20 Şubat 2012 Pazartesi

8 Mart’ta mücadele alanlarına!

Bu yıl 8 Mart Dünya Emekçi Kadınlar Günü’nü 102. kez kutlayacağız. Dünyanın dört bir yanında kadınlar alanlara çıkacak ve hakları için haykıracaklar. Sermale devleti ise kadınların gözünü boyamak ve mücadele etmelerine engel olmak için türlü yöntemleri devreye sokacak. Ancak tüm bunlara karşı bu yıl alanlara çıkmak için pek çok sebebimiz var.

Bir yanda fabrikalarımızda çalışma koşulları hiç olmadığı kadar ağırlaşmış, ücretlerimiz de sefaletin altına düşmüş durumda, öte yanda ise her gün yeni bir kadın cinayeti haberi ile karşı karşıyayız.

Fabrikalarda sömürülen emekçi kadınlar!

Emekçi kadınlar yüzyıllardır fabrikalarda erkek sınıf kardeşleriyle birlikte çalışıyorlar. Ancak erkek sınıf kardeşlerinden farklı olarak, daha katmerli bir sömürüye ve ayrımcılığa maruz kalıyorlar. Ağır çalışma koşullarında, daha düşük ücretlerle ve uzun saatler boyunca çalıştırılıyorlar. İş güvenceleri olmadığı için, öncelikle kadın emekçiler kapının önüne konuluyor.

Bugün BEGOS’ta, Gıda Çarşısı’nda, Karabağlar’da, Sarnıç’ta yüzlerce küçük tekstil atölyesinde ağırlıklı olarak kadın işçiler çalışıyor. Ancak emekçi kadınların kağıt üzerindeki sınırlı hakları bile bugün patronlar tarafından gasp ediliyor. Pek çok yerde emekçi kadınlar çocuk yapmadan önce patronlarına danışmak zorunda kalıyor.

Emekçi kadınlar fabrikalarda üç kuruşa köle gibi çalıştırılıyor. Ama bırakalım sendikayı sigortalar dahi düzenli yatırılmıyor. Bugün BEGOS’ta fabrikalar artık tabela bile yaptırmıyorlar çünkü bir kaç ayda bir yeni bir şirket kurup işçileri oraya aktarıyorlar. Meslek hastalıklarına yakalanlar ise hızla kapının önüne konuyor. Burjuvazi ve uşakları yeni kölelik yasalarıyla bu durumu daha da ağırlaştırmanın hazırlıklarını yapıyorlar.

Fabrikada, evde, sokakta şiddete uğrayan kadınlar!

Kadınların yaşadığı sorunlar yalnızca fabrikalarda yaşadıkları ile sınırlı değil.
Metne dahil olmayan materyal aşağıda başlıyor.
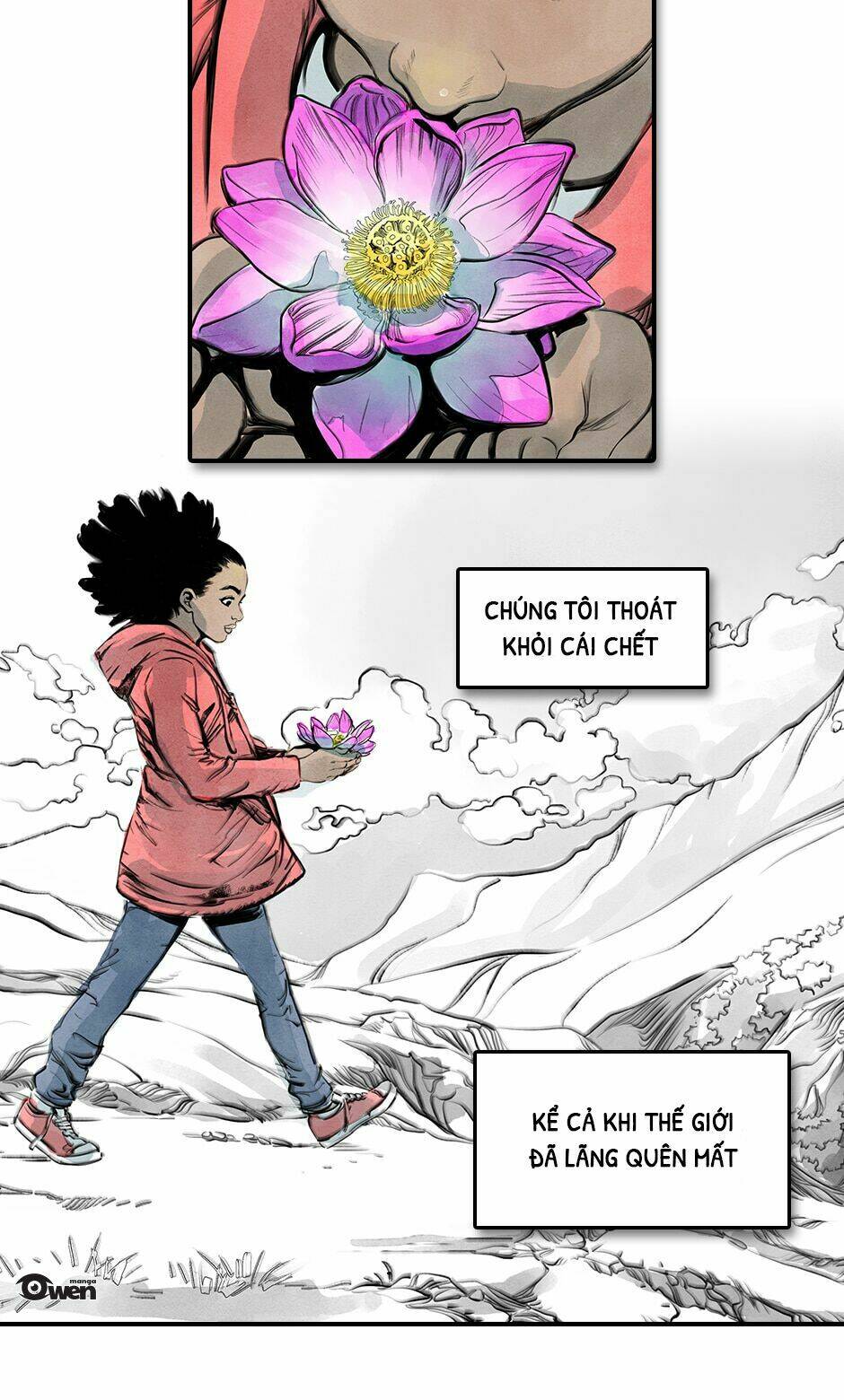 Blink Chương 19 Ảnh 7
Fabrikada kölece çalışan kadınlardan aynı zamanda evde de kocalarına kölelik etmeleri isteniyor. Ev işleri, çocuk bakımı gibi pek çok “görev” ile karşı karşıya kalan kadınlar, türlü sebeplerle şiddete uğruyor ve hatta katlediliyor.

AKP hükümeti göreve geldiğinden bu yana kadın cinayetlerinin yüzde bin dört yüz arttığı söyleniyor. Kadına şiddet uygulayanlar, kız çocuklarına tecavüz edenler bırakın ceza almayı neredeyse ödüllendiriliyor.
Yine kadın cinayetleri hemen hergün gündeme geliyor. Failler ise, sadece tetiği çeken erkekler değil, meclisi, hükümeti, medyası, mahkemeleri, eğitim sistemi ile tüm düzen güçleri ve kurumlarıdır. Sermayenin ve düzeninin çıkarları adına, tüm düzen güçlerinin elbirliğiyle yarattığı, elbirliği ile akladığı, sistematik olarak sürdürdüğü bir şiddettir sözkonusu olan.

Kadın erkek elele örgütlü mücadeleye!

Bu sömürü düzeni erkeği de kadını da köle kılıyor, tüketinceye kadar sömürüyor. Güzel olan, insani olan ne varsa çürütmeye çalıyor. İnsanın insana kulluğunu, erkeğin kadına üstünlüğünü, çoğunluğun azınlığa tahakkümünü dayatıyor.

Bugün bu sömürü düzenine başkaldırmak, kadınıyla, erkeğiyle bu çürümüş sistemi alaşağı etmek elimizde. Fabrikalarda, havzalarda, evde, sokakta, direniş alanlarında, grev çadırlarında elele verip örgütlenmeye, mücadeleye!

Kadın olmadan devrim olmaz, devrim olmadan kadın kurtulmaz!